▸ **GOAL OF THE EXERCISE**
Repeat each record below exactly as given.

--------------------

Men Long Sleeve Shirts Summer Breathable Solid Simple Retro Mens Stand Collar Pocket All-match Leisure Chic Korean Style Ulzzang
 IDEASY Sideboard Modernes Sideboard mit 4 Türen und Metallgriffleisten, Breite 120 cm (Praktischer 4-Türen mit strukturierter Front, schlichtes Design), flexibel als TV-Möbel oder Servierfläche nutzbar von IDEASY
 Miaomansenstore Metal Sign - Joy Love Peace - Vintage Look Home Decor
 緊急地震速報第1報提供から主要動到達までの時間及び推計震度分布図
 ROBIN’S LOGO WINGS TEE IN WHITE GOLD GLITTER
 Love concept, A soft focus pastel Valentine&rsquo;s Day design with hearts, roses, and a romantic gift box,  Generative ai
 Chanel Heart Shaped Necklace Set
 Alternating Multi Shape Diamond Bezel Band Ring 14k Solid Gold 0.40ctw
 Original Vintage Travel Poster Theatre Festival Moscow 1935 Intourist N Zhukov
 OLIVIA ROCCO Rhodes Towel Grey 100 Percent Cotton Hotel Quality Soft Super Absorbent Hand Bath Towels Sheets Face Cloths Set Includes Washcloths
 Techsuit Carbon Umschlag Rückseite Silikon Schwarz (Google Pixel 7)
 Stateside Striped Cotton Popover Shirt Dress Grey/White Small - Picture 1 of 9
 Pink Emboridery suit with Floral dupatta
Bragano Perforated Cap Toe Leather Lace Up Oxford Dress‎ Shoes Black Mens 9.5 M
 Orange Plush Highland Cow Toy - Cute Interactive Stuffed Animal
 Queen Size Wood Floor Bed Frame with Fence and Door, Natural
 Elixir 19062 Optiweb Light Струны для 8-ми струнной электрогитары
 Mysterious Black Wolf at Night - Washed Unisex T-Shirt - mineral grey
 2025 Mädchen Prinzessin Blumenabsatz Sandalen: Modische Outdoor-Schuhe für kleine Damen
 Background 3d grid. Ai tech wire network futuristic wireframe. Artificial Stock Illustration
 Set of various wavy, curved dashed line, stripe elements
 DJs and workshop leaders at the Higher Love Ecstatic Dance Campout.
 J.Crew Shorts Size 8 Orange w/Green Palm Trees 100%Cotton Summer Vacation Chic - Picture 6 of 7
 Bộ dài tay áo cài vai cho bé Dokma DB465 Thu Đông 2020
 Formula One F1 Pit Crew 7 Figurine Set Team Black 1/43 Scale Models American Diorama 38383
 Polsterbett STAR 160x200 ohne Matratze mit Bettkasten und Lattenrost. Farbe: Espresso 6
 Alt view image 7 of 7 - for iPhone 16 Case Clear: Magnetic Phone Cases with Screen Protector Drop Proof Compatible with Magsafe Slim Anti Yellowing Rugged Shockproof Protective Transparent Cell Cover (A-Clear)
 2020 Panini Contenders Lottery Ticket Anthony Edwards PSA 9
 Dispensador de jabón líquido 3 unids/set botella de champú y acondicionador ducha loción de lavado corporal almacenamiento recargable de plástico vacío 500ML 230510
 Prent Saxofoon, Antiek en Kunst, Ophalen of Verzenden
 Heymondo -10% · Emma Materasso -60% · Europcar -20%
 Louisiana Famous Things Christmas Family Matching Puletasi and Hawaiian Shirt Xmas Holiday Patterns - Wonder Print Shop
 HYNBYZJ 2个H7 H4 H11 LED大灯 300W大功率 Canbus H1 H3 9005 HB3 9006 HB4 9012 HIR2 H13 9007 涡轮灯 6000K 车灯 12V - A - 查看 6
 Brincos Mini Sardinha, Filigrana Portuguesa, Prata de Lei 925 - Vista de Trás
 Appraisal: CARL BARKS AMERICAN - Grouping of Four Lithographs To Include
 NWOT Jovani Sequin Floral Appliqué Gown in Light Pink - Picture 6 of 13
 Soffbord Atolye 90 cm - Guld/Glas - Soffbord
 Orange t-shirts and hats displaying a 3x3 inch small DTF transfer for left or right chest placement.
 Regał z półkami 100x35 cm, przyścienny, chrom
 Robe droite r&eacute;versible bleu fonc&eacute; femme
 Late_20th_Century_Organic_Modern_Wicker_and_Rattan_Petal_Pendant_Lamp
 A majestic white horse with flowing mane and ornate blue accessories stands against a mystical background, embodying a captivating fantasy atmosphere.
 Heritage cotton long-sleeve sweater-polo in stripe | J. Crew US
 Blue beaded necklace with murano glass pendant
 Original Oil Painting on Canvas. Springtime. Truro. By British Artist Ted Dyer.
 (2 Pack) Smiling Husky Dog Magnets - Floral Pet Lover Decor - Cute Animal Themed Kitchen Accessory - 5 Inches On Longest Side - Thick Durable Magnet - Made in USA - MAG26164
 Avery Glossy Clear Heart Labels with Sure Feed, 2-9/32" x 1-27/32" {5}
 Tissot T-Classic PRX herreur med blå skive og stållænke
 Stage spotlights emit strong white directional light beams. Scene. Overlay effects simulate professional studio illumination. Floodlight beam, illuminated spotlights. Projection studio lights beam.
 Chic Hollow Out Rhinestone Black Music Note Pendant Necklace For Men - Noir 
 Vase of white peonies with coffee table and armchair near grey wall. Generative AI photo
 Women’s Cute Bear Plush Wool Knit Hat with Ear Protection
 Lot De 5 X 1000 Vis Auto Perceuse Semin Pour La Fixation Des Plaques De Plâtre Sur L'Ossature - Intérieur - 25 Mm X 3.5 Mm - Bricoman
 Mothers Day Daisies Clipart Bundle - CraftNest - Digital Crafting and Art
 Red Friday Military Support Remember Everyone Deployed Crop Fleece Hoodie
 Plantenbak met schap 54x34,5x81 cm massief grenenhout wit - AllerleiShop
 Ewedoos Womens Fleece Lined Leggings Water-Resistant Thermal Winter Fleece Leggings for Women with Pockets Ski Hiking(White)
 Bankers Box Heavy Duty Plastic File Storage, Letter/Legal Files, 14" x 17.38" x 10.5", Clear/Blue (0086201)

--------------------

▸ **OUTPUT BELOW**
Men Long Sleeve Shirts Summer Breathable Solid Simple Retro Mens Stand Collar Pocket All-match Leisure Chic Korean Style Ulzzang
 IDEASY Sideboard Modernes Sideboard mit 4 Türen und Metallgriffleisten, Breite 120 cm (Praktischer 4-Türen mit strukturierter Front, schlichtes Design), flexibel als TV-Möbel oder Servierfläche nutzbar von IDEASY
 Miaomansenstore Metal Sign - Joy Love Peace - Vintage Look Home Decor
 緊急地震速報第1報提供から主要動到達までの時間及び推計震度分布図
 ROBIN’S LOGO WINGS TEE IN WHITE GOLD GLITTER
 Love concept, A soft focus pastel Valentine&rsquo;s Day design with hearts, roses, and a romantic gift box,  Generative ai
 Chanel Heart Shaped Necklace Set
 Alternating Multi Shape Diamond Bezel Band Ring 14k Solid Gold 0.40ctw
 Original Vintage Travel Poster Theatre Festival Moscow 1935 Intourist N Zhukov
 OLIVIA ROCCO Rhodes Towel Grey 100 Percent Cotton Hotel Quality Soft Super Absorbent Hand Bath Towels Sheets Face Cloths Set Includes Washcloths
 Techsuit Carbon Umschlag Rückseite Silikon Schwarz (Google Pixel 7)
 Stateside Striped Cotton Popover Shirt Dress Grey/White Small - Picture 1 of 9
 Pink Emboridery suit with Floral dupatta
Bragano Perforated Cap Toe Leather Lace Up Oxford Dress‎ Shoes Black Mens 9.5 M
 Orange Plush Highland Cow Toy - Cute Interactive Stuffed Animal
 Queen Size Wood Floor Bed Frame with Fence and Door, Natural
 Elixir 19062 Optiweb Light Струны для 8-ми струнной электрогитары
 Mysterious Black Wolf at Night - Washed Unisex T-Shirt - mineral grey
 2025 Mädchen Prinzessin Blumenabsatz Sandalen: Modische Outdoor-Schuhe für kleine Damen
 Background 3d grid. Ai tech wire network futuristic wireframe. Artificial Stock Illustration
 Set of various wavy, curved dashed line, stripe elements
 DJs and workshop leaders at the Higher Love Ecstatic Dance Campout.
 J.Crew Shorts Size 8 Orange w/Green Palm Trees 100%Cotton Summer Vacation Chic - Picture 6 of 7
 Bộ dài tay áo cài vai cho bé Dokma DB465 Thu Đông 2020
 Formula One F1 Pit Crew 7 Figurine Set Team Black 1/43 Scale Models American Diorama 38383
 Polsterbett STAR 160x200 ohne Matratze mit Bettkasten und Lattenrost. Farbe: Espresso 6
 Alt view image 7 of 7 - for iPhone 16 Case Clear: Magnetic Phone Cases with Screen Protector Drop Proof Compatible with Magsafe Slim Anti Yellowing Rugged Shockproof Protective Transparent Cell Cover (A-Clear)
 2020 Panini Contenders Lottery Ticket Anthony Edwards PSA 9
 Dispensador de jabón líquido 3 unids/set botella de champú y acondicionador ducha loción de lavado corporal almacenamiento recargable de plástico vacío 500ML 230510
 Prent Saxofoon, Antiek en Kunst, Ophalen of Verzenden
 Heymondo -10% · Emma Materasso -60% · Europcar -20%
 Louisiana Famous Things Christmas Family Matching Puletasi and Hawaiian Shirt Xmas Holiday Patterns - Wonder Print Shop
 HYNBYZJ 2个H7 H4 H11 LED大灯 300W大功率 Canbus H1 H3 9005 HB3 9006 HB4 9012 HIR2 H13 9007 涡轮灯 6000K 车灯 12V - A - 查看 6
 Brincos Mini Sardinha, Filigrana Portuguesa, Prata de Lei 925 - Vista de Trás
 Appraisal: CARL BARKS AMERICAN - Grouping of Four Lithographs To Include
 NWOT Jovani Sequin Floral Appliqué Gown in Light Pink - Picture 6 of 13
 Soffbord Atolye 90 cm - Guld/Glas - Soffbord
 Orange t-shirts and hats displaying a 3x3 inch small DTF transfer for left or right chest placement.
 Regał z półkami 100x35 cm, przyścienny, chrom
 Robe droite r&eacute;versible bleu fonc&eacute; femme
 Late_20th_Century_Organic_Modern_Wicker_and_Rattan_Petal_Pendant_Lamp
 A majestic white horse with flowing mane and ornate blue accessories stands against a mystical background, embodying a captivating fantasy atmosphere.
 Heritage cotton long-sleeve sweater-polo in stripe | J. Crew US
 Blue beaded necklace with murano glass pendant
 Original Oil Painting on Canvas. Springtime. Truro. By British Artist Ted Dyer.
 (2 Pack) Smiling Husky Dog Magnets - Floral Pet Lover Decor - Cute Animal Themed Kitchen Accessory - 5 Inches On Longest Side - Thick Durable Magnet - Made in USA - MAG26164
 Avery Glossy Clear Heart Labels with Sure Feed, 2-9/32" x 1-27/32" {5}
 Tissot T-Classic PRX herreur med blå skive og stållænke
 Stage spotlights emit strong white directional light beams. Scene. Overlay effects simulate professional studio illumination. Floodlight beam, illuminated spotlights. Projection studio lights beam.
 Chic Hollow Out Rhinestone Black Music Note Pendant Necklace For Men - Noir 
 Vase of white peonies with coffee table and armchair near grey wall. Generative AI photo
 Women’s Cute Bear Plush Wool Knit Hat with Ear Protection
 Lot De 5 X 1000 Vis Auto Perceuse Semin Pour La Fixation Des Plaques De Plâtre Sur L'Ossature - Intérieur - 25 Mm X 3.5 Mm - Bricoman
 Mothers Day Daisies Clipart Bundle - CraftNest - Digital Crafting and Art
 Red Friday Military Support Remember Everyone Deployed Crop Fleece Hoodie
 Plantenbak met schap 54x34,5x81 cm massief grenenhout wit - AllerleiShop
 Ewedoos Womens Fleece Lined Leggings Water-Resistant Thermal Winter Fleece Leggings for Women with Pockets Ski Hiking(White)
 Bankers Box Heavy Duty Plastic File Storage, Letter/Legal Files, 14" x 17.38" x 10.5", Clear/Blue (0086201)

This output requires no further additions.